## EXERCISE PROMPT
Look below for the line that has "Giày Cao Gót". Set down the lines from there through the line that has "Tie-front printed blouse", exactly as written.

## TASK DATA
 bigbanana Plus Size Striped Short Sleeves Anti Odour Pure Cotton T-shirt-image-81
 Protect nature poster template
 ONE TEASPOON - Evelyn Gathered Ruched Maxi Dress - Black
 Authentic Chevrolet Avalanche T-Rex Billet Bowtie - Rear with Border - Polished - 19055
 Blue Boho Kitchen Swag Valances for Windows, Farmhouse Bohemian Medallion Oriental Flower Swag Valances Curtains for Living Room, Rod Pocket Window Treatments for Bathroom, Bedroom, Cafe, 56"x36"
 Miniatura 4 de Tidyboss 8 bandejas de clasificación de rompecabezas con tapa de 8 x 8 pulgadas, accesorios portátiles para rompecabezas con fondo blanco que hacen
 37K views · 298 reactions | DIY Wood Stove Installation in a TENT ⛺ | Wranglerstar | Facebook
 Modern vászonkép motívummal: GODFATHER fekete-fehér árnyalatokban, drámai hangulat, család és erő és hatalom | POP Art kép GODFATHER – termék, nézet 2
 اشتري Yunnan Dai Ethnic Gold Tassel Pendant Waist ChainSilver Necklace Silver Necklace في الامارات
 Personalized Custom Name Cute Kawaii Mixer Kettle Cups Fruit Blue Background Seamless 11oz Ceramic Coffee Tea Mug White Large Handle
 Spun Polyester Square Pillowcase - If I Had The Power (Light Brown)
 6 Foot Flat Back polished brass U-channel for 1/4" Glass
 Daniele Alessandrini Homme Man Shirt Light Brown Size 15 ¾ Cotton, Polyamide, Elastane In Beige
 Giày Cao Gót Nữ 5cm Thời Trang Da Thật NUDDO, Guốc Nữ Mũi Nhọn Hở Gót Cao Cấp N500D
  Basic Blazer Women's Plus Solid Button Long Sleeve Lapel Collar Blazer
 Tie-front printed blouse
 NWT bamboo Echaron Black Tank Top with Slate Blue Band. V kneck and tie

## SOLUTION FOR THIS EXERCISE
 Giày Cao Gót Nữ 5cm Thời Trang Da Thật NUDDO, Guốc Nữ Mũi Nhọn Hở Gót Cao Cấp N500D
  Basic Blazer Women's Plus Solid Button Long Sleeve Lapel Collar Blazer
 Tie-front printed blouse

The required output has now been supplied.